# <u> Chapter 1 - Language Processing and Python </u>

### Chapter Summary

**Focus Areas**
* What can be achieved by combining simple programming techniques with large quantities of text
* How to automatically extract key words and phrases that sum up the style and content of a text
* Tools and techniques that the Python programming language provides for this work
* Some of the interesting challenges of natural language processing

**Summary of Learnings**
* Texts are represented in Python using lists: ['Monty', 'Pyton']. We can use indexing, slicing, and the len() function on lists.
* A word "token" is a particular appearance of a given word in a text; a word "type" is the unique form of the word as a particular sequence of letters. We count word tokens using len(text) and word types using len(set(text)).
* We obtain the vocabulary of a text t using sorted(set(t)).
* We operate on each item of a text using [f(x) for x in text].
* To derive the vocabulary, collapsing case distinctions and ignoring punctuation, we can write set([w.lower() for w in text if w.isalpha()]).
* We process each word in a text using a for statement, such as for w in t: or for word in text:. This must be followed by the colon character and an indented block of code, to be executed each time through the loop.
* We test a condition using an if statement: if len(word) < 5:. This must be followed by the colon character and an indented block of code, to be executed only if the condition is true.
* A frequency distribution is a collection of items along with their frequency counts (e.g., the words of a text and their frequency of appearance).
* A function is a block of code that has been assigned a name and can be reused. Functions are defined using the def keyword, as in def mult(x, y); x and y are parameters of the function, and act as placeholders for actual data values.
* A function is called by specifying its name, followed by one or more arguments inside parentheses, like this: mult(3, 4), e.g., len(text1).

### Chapter Index

[Chapter Content / Exploratory Exercises](#Chapter-Content-/-Exploratory-Exercises)
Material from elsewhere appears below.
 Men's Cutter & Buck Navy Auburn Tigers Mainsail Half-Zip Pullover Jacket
[1.1 Computing with Language: Texts and Words](#1.1-Computing-with-Language:-Texts-and-Words)

[1.2 A Closer Look at Python: Texts as Lists of Words](#1.2-A-Closer-Look-at-Python:-Texts-as-Lists-of-Words)

[1.3 Computing with Language: Simple Statistics](#1.3-Computing-with-Language:-Simple-Statistics)
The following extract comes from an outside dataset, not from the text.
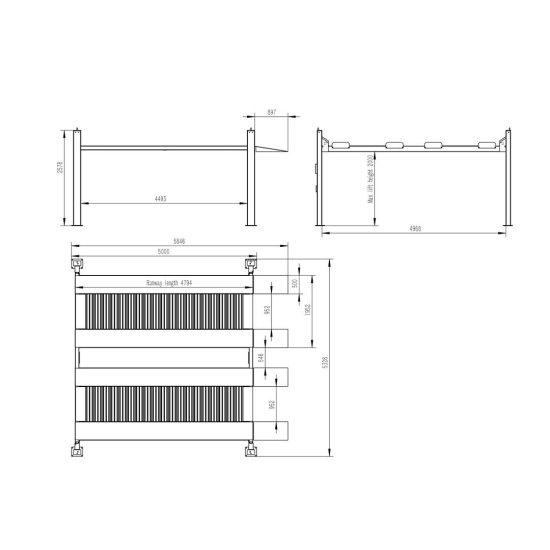 Czterokolumnowy podwójny podnośnik parkingowy Bestlift 445-D2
[1.4 Back to Python: Making Decisions and Taking Control](#1.4-Back-to-Python:-Making-Decisions-and-Taking-Control)

[Exercises & Solution Code](#Exercises-&-Solution-Code)
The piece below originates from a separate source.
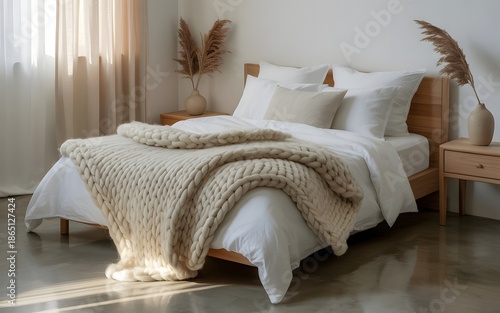 Cozy bedroom with neutral tones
## <U> Chapter Content / Exploratory Exercises </U>

##### 1.1 Computing with Language: Texts and Words

Importing the library and downloading content (note: a window prompt will appear; this must be closed before continuing to execute code in this notebook):

In [None]:
import nltk 
nltk.download()

In [None]:
from nltk.book import *

Examples of books imported:

In [None]:
text1

In [None]:
text2

In [None]:
text3

The **Concordance** function shows every occurance of a given word (in this example, 'monstrous') along with additional sentence context: 

In [None]:
text1.concordance("monstrous")

In [None]:
text2.concordance("affection")

In [None]:
text3.concordance("lived")

In [None]:
text4.concordance("nation")

In [None]:
text4.concordance("terror")

In [None]:
text4.concordance("god")

In [None]:
text5.concordance("im")

In [None]:
text5.concordance("ur")

In [None]:
text5.concordance("lol")

The **Similar** function shows other words that appear in a similar context set as a given keyword (in this case, 'monstrous'):

In [None]:
text1.similar('monstrous')

In [None]:
text2.similar('monstrous')

The **Common Contexts** function shows only contexts shared by two or more words:

In [None]:
text2.common_contexts(['monstrous', 'very'])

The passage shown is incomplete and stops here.